9.7. If any of these Terms are determined by any competent authority to be invalid, unlawful, or unenforceable to any extent, that term, condition, or provision will be severed from the remaining terms, conditions, and provisions, which will continue to be valid to the fullest extent permitted by law.
9.8. Unless the context otherwise requires, references to one gender shall include references to the other gender.
9.9 The Program is delivered, provided, and made available in good faith. Remarkable results can be achieved by following the Program consistently. However, we cannot guarantee any specific outcome(s) as your results will depend on your individual circumstances. You have the sole responsibility to commit to the Program and achieve any results and goals. You alone are responsible for applying the Program to your individual professional career.
9.10 You agree that you will not publicly, privately, or anonymously make any comment, oral or written, whether on any social media or not (which shall include but not be limited to Facebook, Linkedin and/or Twitter) and/or take any action which disparages, defames, is derogatory or places any of our past and present officers, directors, employees and affiliates in a negative light. Any issues, complaints, difficulties and/or concerns you have should be raised directly with us by emailing support@privacypros.academy.
9.15 You agree not to solicit, pitch to, poach, recruit, approach, induce, or otherwise encourage any of our clients to purchase similar third-party products, programs, schemes, or services offered by us.
10. Data Protection
10.1 Both you and we will comply with all applicable requirements of relevant Privacy Legislation.
11. Third Party Rights
11.1. A person who is not a party to the Contract shall not have any rights under the Contracts (Rights of Third Parties) Act 1999 to enforce any term of the Contract.

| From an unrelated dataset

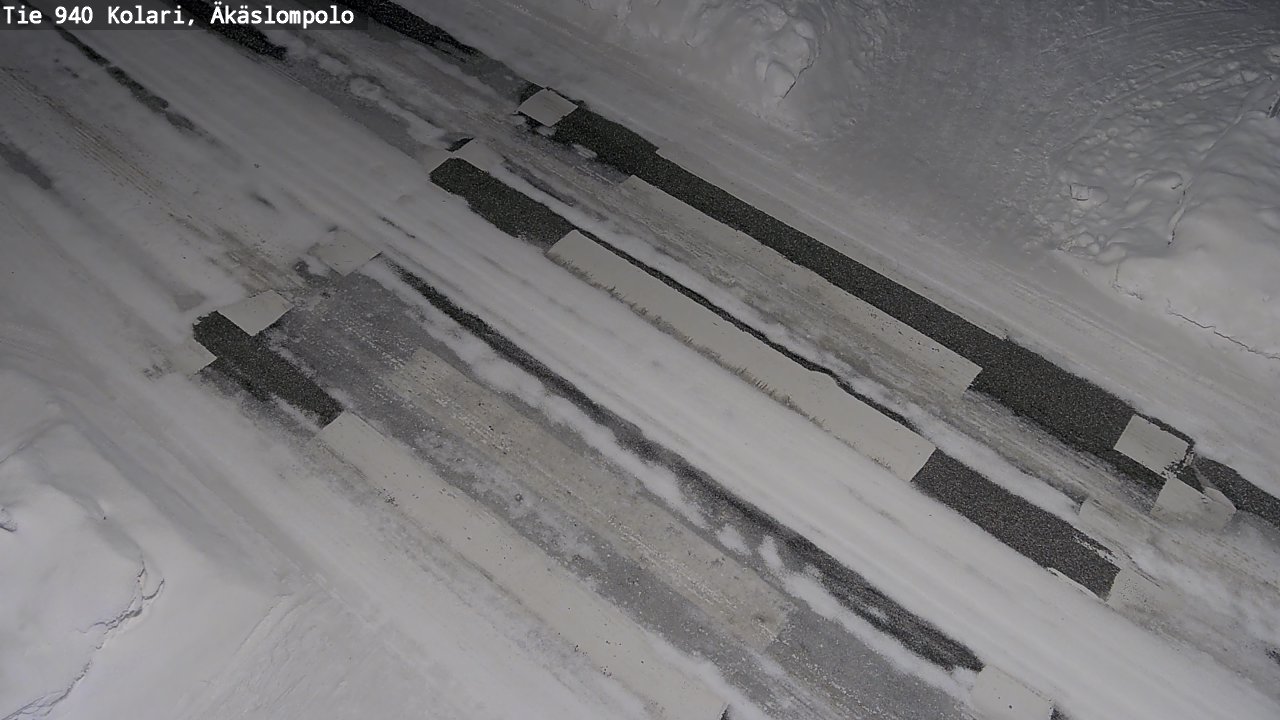 Kelikamerat Kuva Tie 940 Kolari, Äkäslompolo, Kolari, Lappi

11.2. The rights of the parties to terminate, rescind, or agree to any variation, waiver, or settlement under the Contract are not subject to the consent of any person who is not a party to the Contract.
12. Governing Law
12.1. The Contract and any dispute or claim arising out of or relating to it, its subject matter, or formation (including non-contractual disputes or claims), shall be governed by and construed in accordance with English law.
13. Jurisdiction
13.1 We each agree irrevocably that the courts of England and Wales shall have exclusive jurisdiction to settle any dispute or claim arising out of or in connection with the Contract, its subject matter, or formation (including non-contractual disputes or claims).